Today we can manipulate the images we take on our phones. Moving someone, deleting someone or an unwanted object. Even cropping a photo or enlarging it is so commonplace we don’t give it a second thought.
That is because image-changing software is usually seen as a tool.
Another creative blogger asked ChatGPT to write a cease-and-desist letter to someone who is stealing the author’s writing and selling it as their own. The result (found here) is quite astounding. The blogger doing the exercise wrote, “This is better than some cease-and-desist letters written by other attorneys that he has reviewed.”
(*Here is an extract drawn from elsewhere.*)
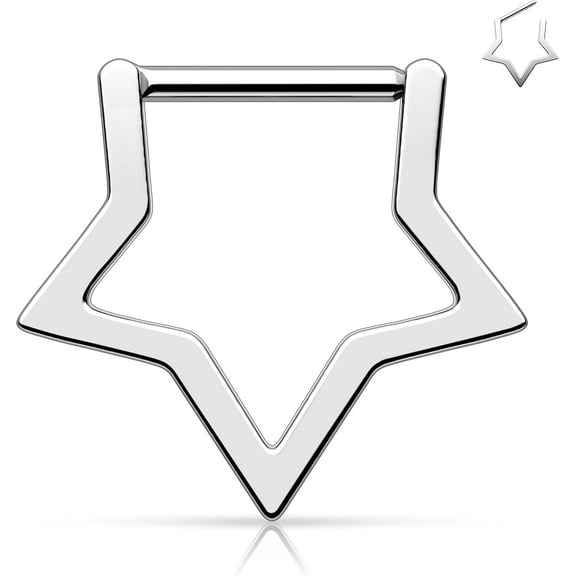 Titanium Star Septum Ring 16G, 8mm Solid Titanium G23 Daith Piercing Jewelry, Clicker Conch Helix Earring for Women
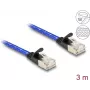 Verkkokaapeli DeLOCK RJ45 litteä Cat.6A 3 m sininen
However, simply accepting an AI version could be troublesome if the AI is in error. Earlier this month ChatGPT was sued for creating false information stating that an individual was accused of embezzling money, which never happened (article here).
Out of curiosity, a couple months ago I asked ChatGPT to write a biography of “Steve Laube Literary Agent.” While succinct, it had incorrect information in it. For example, it said I worked for Zondervan as an editor. No, I didn’t. It claimed I wrote a book called The Christian Writers Coach, published in 2013. Not true. It also claimed I served on the board of directors for the Mount Hermon Christian Writers Conference and the Serious Writer’s Foundation. Neither is true.
Conclusion? Check your research. The internet can include inaccurate information. Plus, the knowledge engine for ChatGPT was cut off from the internet in September 2021!
Should You Be Concerned?
We read of businesses looking at ways of automating certain tasks and completing jobs, eliminating the human currently doing that work. While it creates gloomy headlines, is it really something new? Think of the industrial revolution and its subsequent developments. This “efficiency” has been the watchword for years.
For example, in the early days of being a bookseller, we took inventory by hand. We had a “Never Out” list of titles that we checked each day; and when the stock on the shelf dipped below a certain level, we ordered more.
When we placed the order, it was done on the phone, reading the ISBN and quantity to a human operator on the other end of the call.
Today, the store clerk trusts the computer (is it a “thinking machine”?) to know if a book needs to be reordered. It generates a purchase order that is sent to another computer for processing. Humans are no longer critical to that exchange except as overseers.
And so the onward progress in business goes.
Do I think writers will be replaced? No. I do not. Not the good ones. Great writers have a voice that is hard to mimic. Even humans try to mimic a bestseller’s “voice” and often fail.
What Should You Do?
Watch and learn. Don’t be unaware of the developments in AI related to our industry. Continue to spend considerable time working on your writing craft. Read a book like Steven Pinker’s The Sense of Style: The Thinking Person’s Guide to Writing in the 21st Century or Stanley Fish’s How to Write a Sentence and How to Read One. Learn from great teachers on how to communicate your ideas and stories in the best way possible. The greatest writers will remain the greatest writers.